A stakeholder points to a chart showing users who use feature X have much higher retention and concludes that feature X causes retention. What's wrong with that reasoning, and how would you push back constructively?
technical-conceptual · Junior level · data-ml
What the interviewer is really asking
Probes whether the candidate understands the correlation-versus-causation distinction, can name confounding, and can suggest how to actually establish causation.
What to say
- Explain that correlation doesn't imply causation: the two move together, but a third factor could drive both.
- Name a plausible confounder — for example, already-engaged users both adopt feature X and retain better, so the feature isn't necessarily the cause.
- Point to ways to test for causation: a randomized A/B test, or if that's not possible, a quasi-experimental or matched-comparison approach.
What to avoid
- Don't accept the causal claim just because the correlation is strong or the chart looks convincing.
- Don't dismiss the observation entirely — it's a useful signal worth investigating, just not proof.

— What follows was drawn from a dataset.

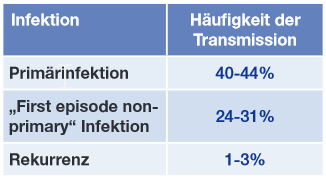 Tab. 1 Risiken für Transmission bei genitalem Herpes in der Schwangerschaft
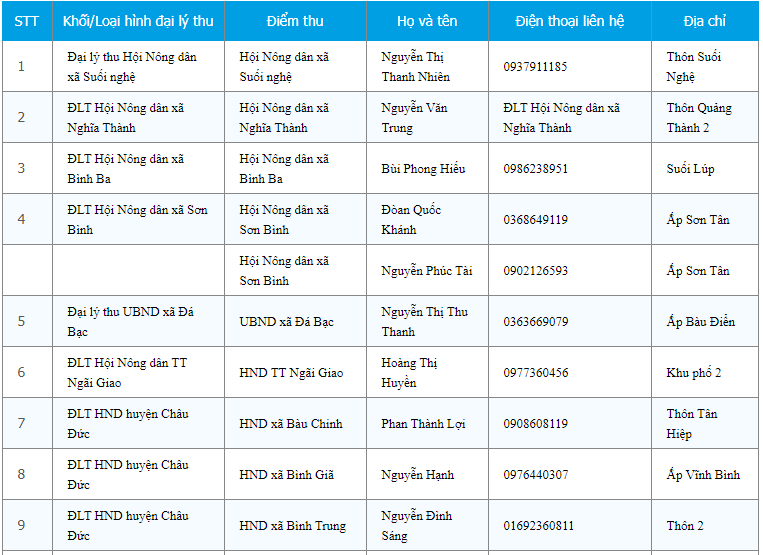Kết quả tra cứu bảo hiểm y tế ở Bà Rịa - Vũng Tàu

- Don't propose acting on it as causal without any controlled experiment or attempt to control for confounders.
Example answers
Strong: The chart shows feature X and retention are correlated, but that alone doesn't mean X causes retention — a confounder could drive both. The likeliest one here is that already-engaged users are the ones who discover and use feature X, and they'd have retained anyway. I wouldn't dismiss the signal, but to actually claim causation I'd want a randomized A/B test that exposes some users to the feature and not others, or if we can't randomize, a matched comparison that controls for prior engagement.
Weak: The correlation is really strong and the chart is clear, so feature X is obviously driving retention. I'd recommend we push everyone toward feature X.